- Opening Delimiter -
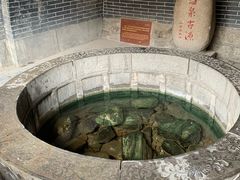 -华清宫景区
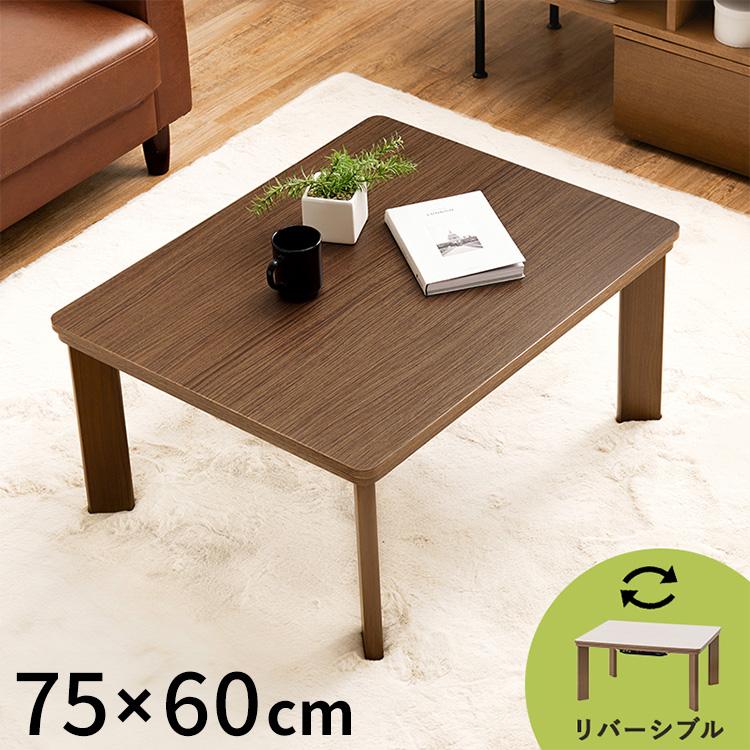 カジュアルこたつ 75×60cm こたつテーブル 木目調 シンプル 長方形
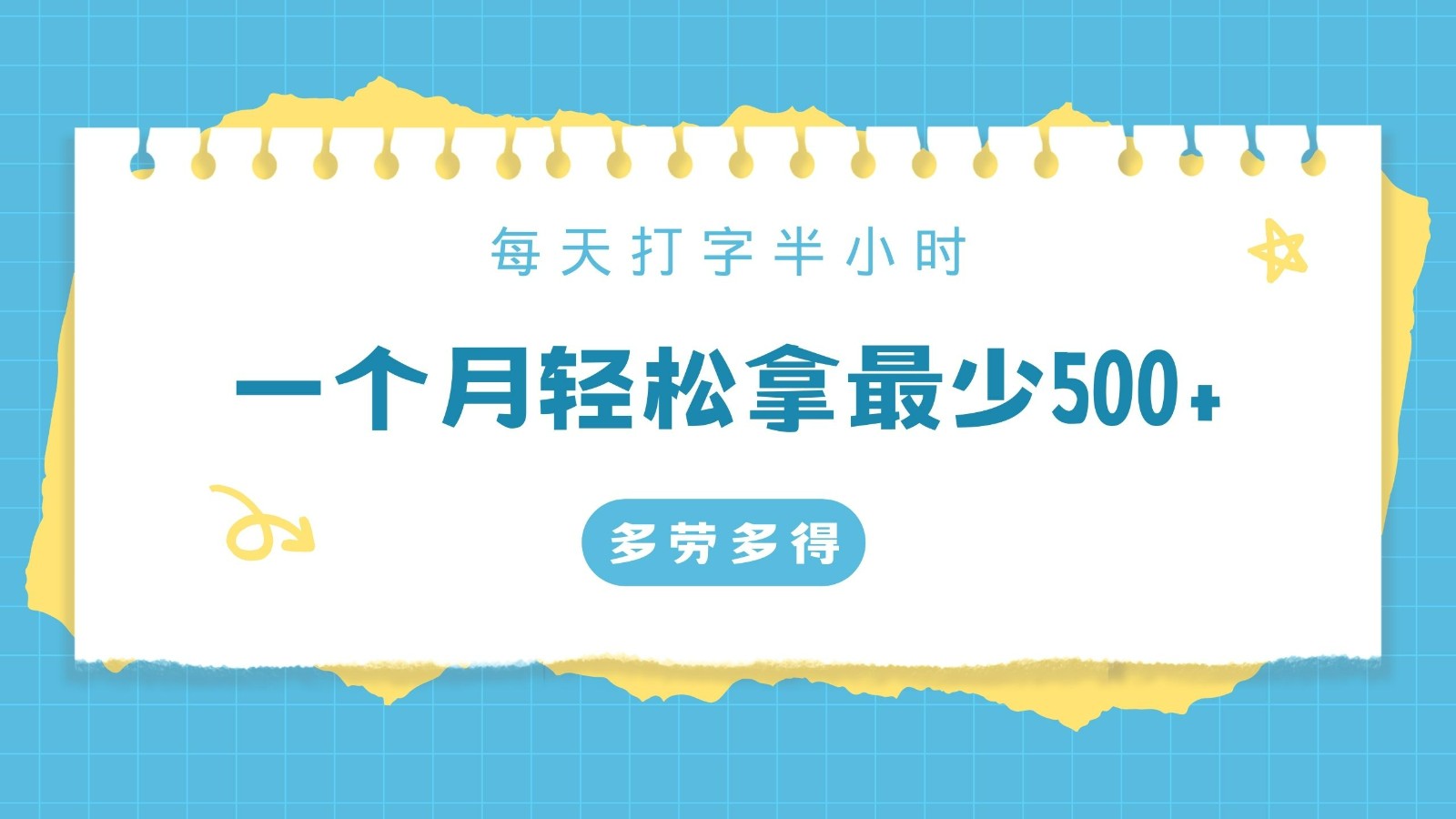 每天打字半小时，一个月保底500+，不限时间地点，多劳多得网赚项目-副业赚钱-互联网创业-资源整合八方网创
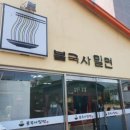 (주)유진의료전자 이미지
- Closing Delimiter -
Nothing but the lines from the line containing "カジュアルこたつ 75×60cm こたつテーブル 木目調 シンプル 長方形" through the last line of the material may be output, and they must be copied exactly, without pictures.

SOLUTION BELOW –
 カジュアルこたつ 75×60cm こたつテーブル 木目調 シンプル 長方形
 每天打字半小时，一个月保底500+，不限时间地点，多劳多得网赚项目-副业赚钱-互联网创业-资源整合八方网创
 (주)유진의료전자 이미지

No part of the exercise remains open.